Nel frattempo, il Comitato di Sovrintendenza agli scavi decide di allontanare gradatamente Bond dalla direzione dei lavori, affiancandogli il professor Sebastian Evans, celebre studioso del mistero del Graal e segretario del Comitato stesso.

L'incoronazione di re Edgar riprodotta su una vetrata

Dedicatosi prevalentemente alla catalogazione dei reperti, Bond è poi attaccato dal reverendo Wilkins con una serie di articoli che stigmatizzavano l’uso della scrittura medianica e contestavano i dati sulla Cappella di re Edgar e sulle effettive dimensioni dell’abbazia. Messo di fronte al pericolo di nuovi scandali e controversie, il Comitato si scioglie mettendo fine al ruolo di Bond come direttore degli scavi di Glastonbury, e cedendo i diritti dei lavori alla Società degli Antiquari di Londra, che rifiuta ogni coinvolgimento di Bond, il quale decide di continuare di nascosto il lavoro di ricerca dei tesori nascosti dall’abate Whitning e nel frattempo lavora nella redazione della celebre rivista “Psychic Science”.
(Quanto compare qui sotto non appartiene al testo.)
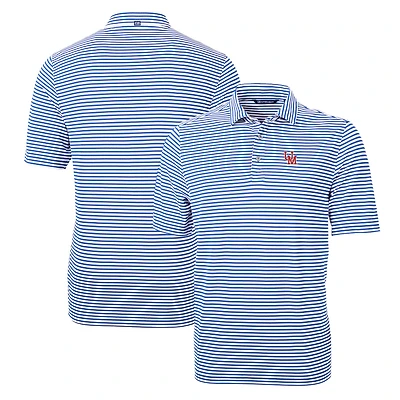 Polo Cutter & Buck Red Ole Miss Rebels Virtue Eco Piqué Stripe Recyclé pour homme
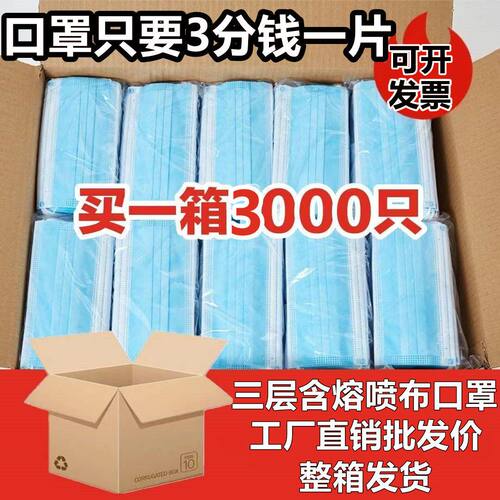【3整箱】一次性三层口罩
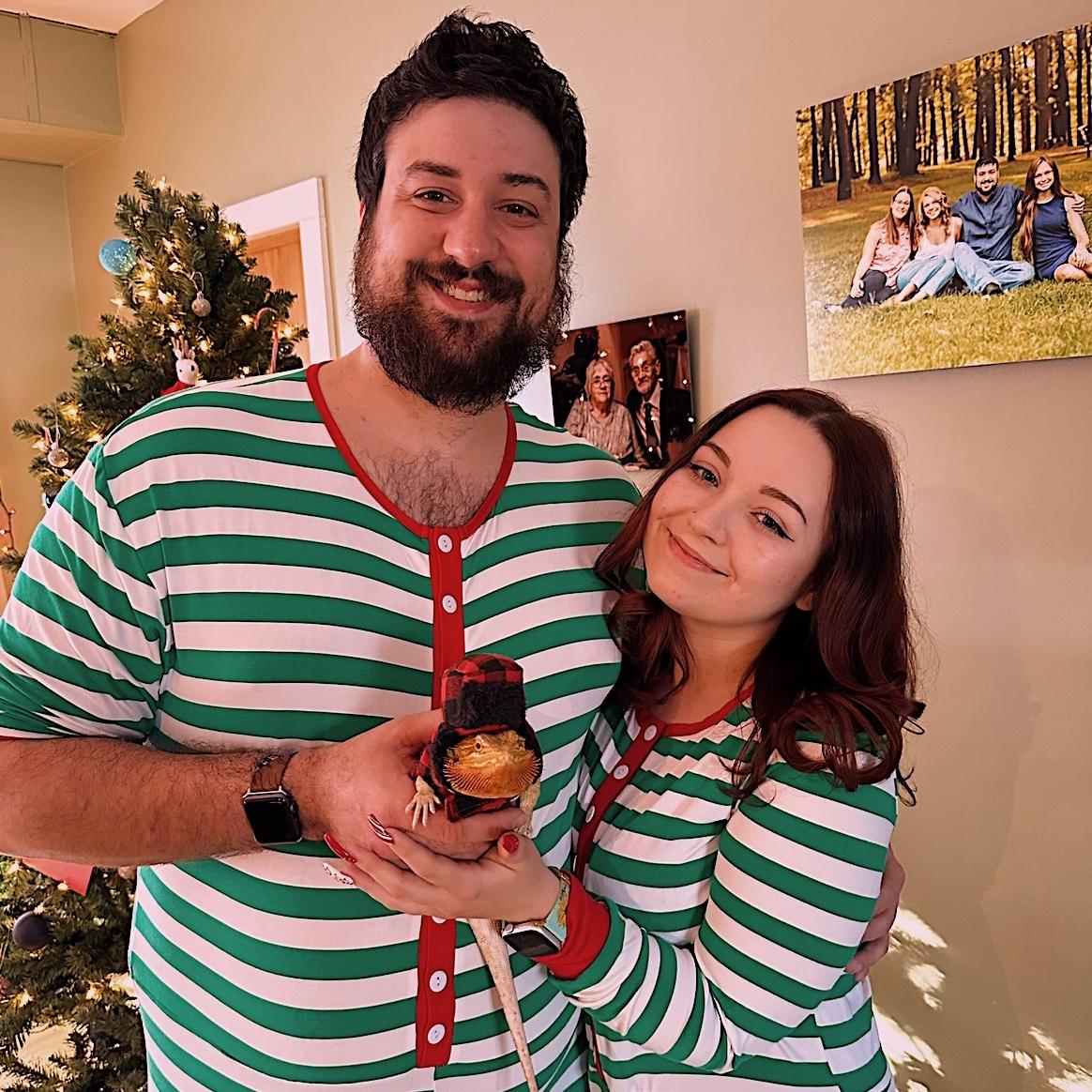 3rd annual Christmas PJs featuring pet bearded dragon Diablo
Con il nuovo libro “The Company of Avalon”, Bond cerca di richiamare l’attenzione e gli aiuti dell’arcivescovo di Canterbury, ma senza successo.
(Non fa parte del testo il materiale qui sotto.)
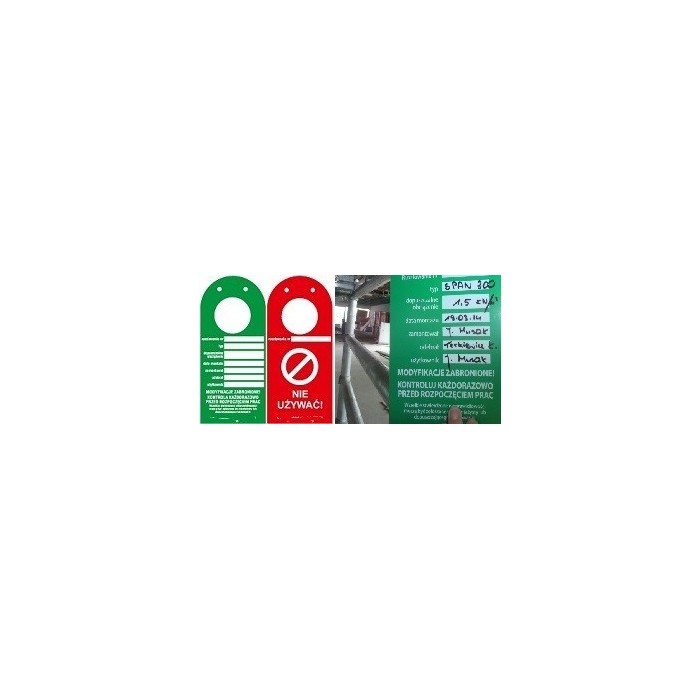 Kontrolka rusztowań "ScaffTag" w języku polskim, zawieszka czerwona, 135x305mm z otworem na rusztowanie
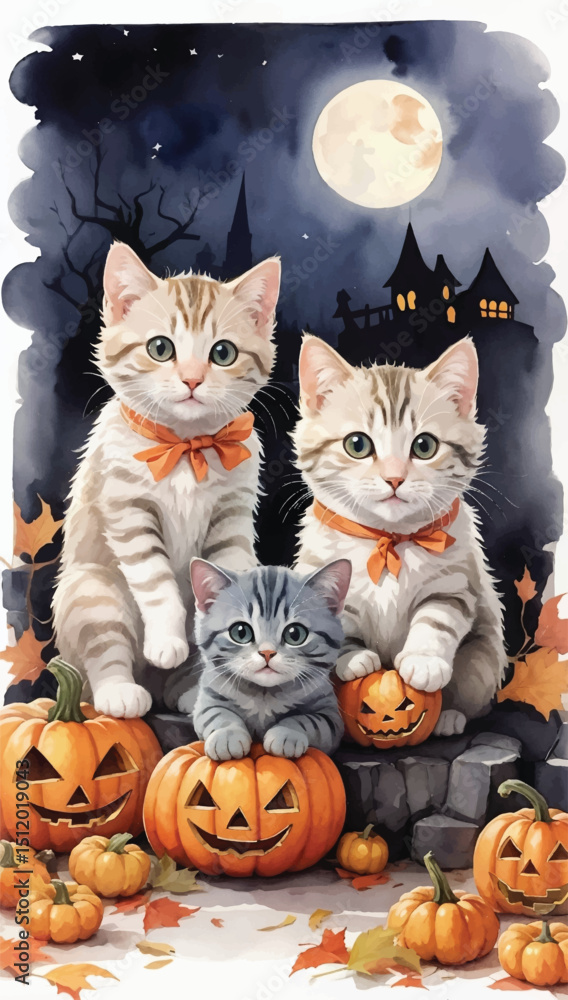 Cartoon illustration of two cute with pumpkins in front of a haunted mansion on Halloween night. Cartoon illustration of two cute with pumpkins in front of a haunted mansion on Halloween night.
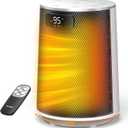 GiveBest Space Heater, Electric Portable Heaters for Indoor Use with Thermostat and Remote, 70Oscillation, Digital Display, 12H Timer, 1500W PTC Ceramic Fast Safety Heat for Office Bedroom, White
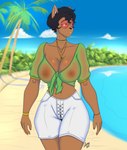 absurd_res anthro beach big_breasts breasts clothing detailed_background domestic_cat eyewear felid feline felis female glasses gulasauce gulasauce_(artist) hi_res mammal mia_helsinki nipples seaside solo thick_thighs translucent translucent_clothing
Messo definitivamente da parte, Bond decide di dedicarsi allo studio delle questioni soprannaturali e nel 1925 parte per gli Stati Uniti accettando l’incarico della Società Americana per la Ricerca Medianica. Intanto era anche diventato sacerdote di una piccola setta chiamata Antica Chiesa Cattolica.

Tornato in Inghilterra nel 1936, tenta di riprendere gli scavi a Glastonbury con appoggi finanziari ottenuti in America, dicendo di essere in possesso di nuove informazioni sui tesori sepolti, sulla locazione della antica chiesa di S.Giuseppe d’Arimatea e sul luogo dove, con molte probabilità, poteva essere custodito il Graal, ma ogni autorizzazione viene negata. Deluso e amareggiato, si ritira in Galles e muore in solitudine nel 1945.
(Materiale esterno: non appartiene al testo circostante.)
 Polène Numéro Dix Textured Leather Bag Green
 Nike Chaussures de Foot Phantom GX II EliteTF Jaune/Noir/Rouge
A questo punto, una domanda: le rivelazioni ottenute da Bond e Bartlett si sono rivelate autentiche? In alcune parti sorprendentemente vere, specie nel caso della Cappella di re Edgar, con l’eccezione dell’abside. Riguardo alla Cappella di Loreto sono stati molto meno “confortanti”, ma le critiche sono dirette alla forma del linguaggio di tali messaggi, scritti per lo più nell’inglese in uso nel 19° secolo. Poco convincenti quindi, stando alle affermazioni del biografo di Bond, il dottor Marshall McKusik.

L’architetto comunque, durante i lavori di scavo, riporta alla luce diverse rovine antiche, con un certo successo in campo archeologico. Le rivelazioni avute durante le sedute spiritiche non sono state mai considerate frutto di esperimenti di parapsicologia. Resta il fatto che lo scavo di Glastonbury rimane un fenomeno non ripetibile e probabilmente con la fine di essi è andata persa una grande opportunità.